Можно подумать, что Одоевский, убежденный «антивольтерианец» и старый противник французского сентиментализма, вообще любивший разражаться филиппиками против «неисправимой» Франции, вновь посмеялся над ее классицистскими и сентименталистскими традициями — «французской верой», как изволил выразиться и Ириней Модестович Гомозейко. Такое предположение тем более вероятно, что раздражение это оказалось очень живуче: писатель и позже винил французов в «холодном подражательстве» и «математических» расчетах. «Теоретики нечувствительно дошли до мысли о том, — писал Одоевский в одной из заметок этого времени, — что не только должно подражать Природе, но даже образцам произведений (grands modeles), упуская из виду, что произведение искусства есть свободное, независимое создание». Даже русских романтикою упрекает он в том, что они, воображая, будто «освободились от цепей классицизма, не придерживаясь его правил», на самом деле «не освободились от привычки к предшествующим расчетам a froid». Сентиментальным Жанлис, Дюк-ре-Дюменилю и даже Ричардсону также доставалось от него не раз.
«Новый Жоко», эта пронизанная сарказмом история «ужаснее повести Эдипа, рассказов Энея», возникла как прямая литературная пародия — однако как пародия двойная.
«Открытие» Жоко принадлежало французскому писателю Шарлю Пужану, в 1824 г. поведавшему миру сентиментально-руссоистскую историю об обезьянке Жоко.
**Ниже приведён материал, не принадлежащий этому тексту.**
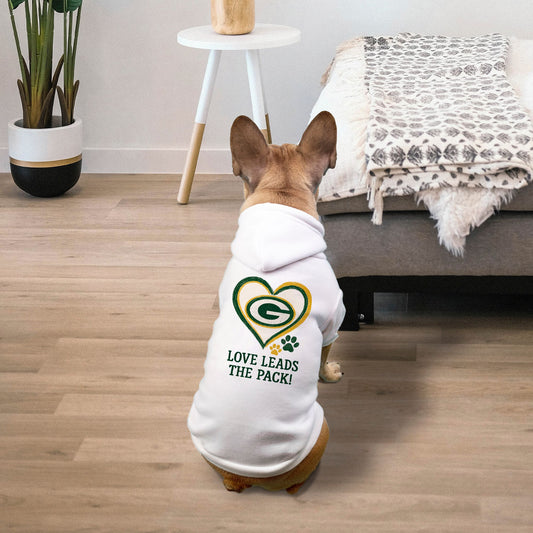 Packers Football - Love Leads the Pack - Dog Cat Pet Fleece-Lined Sweatshirt Hoodie - Small Breed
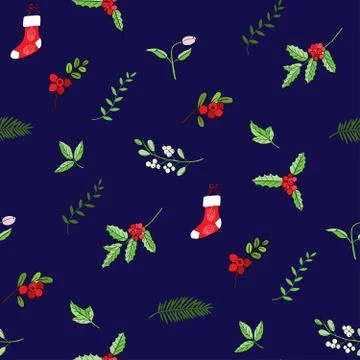 Seamless pattern with Christmas decoration Stock Illustration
Страстно привязавшаяся к воспитанному ею мальчику, который полностью слился с «естественным» миром своей второй матери, бедная обезьянка пала тем не менее жертвой своего воспитанника, стоило только тому вернуться в утративший первозданную гармонию цивилизованный мир.
Это трогательное повествование обрело неслыханную популярность.
Мода на Жоко распространилась и в России. Уже в 1825 г. повесть появилась в «Московском телеграфе», а в 1827-м на московской сцене, вслед парижской, представляли с колоссальным успехом ее драматургическую версию. Память о Жоко держалась долго, и даже Пушкин помянул еще «резвую покойницу Жоко» в черновиках «Домика в Коломне».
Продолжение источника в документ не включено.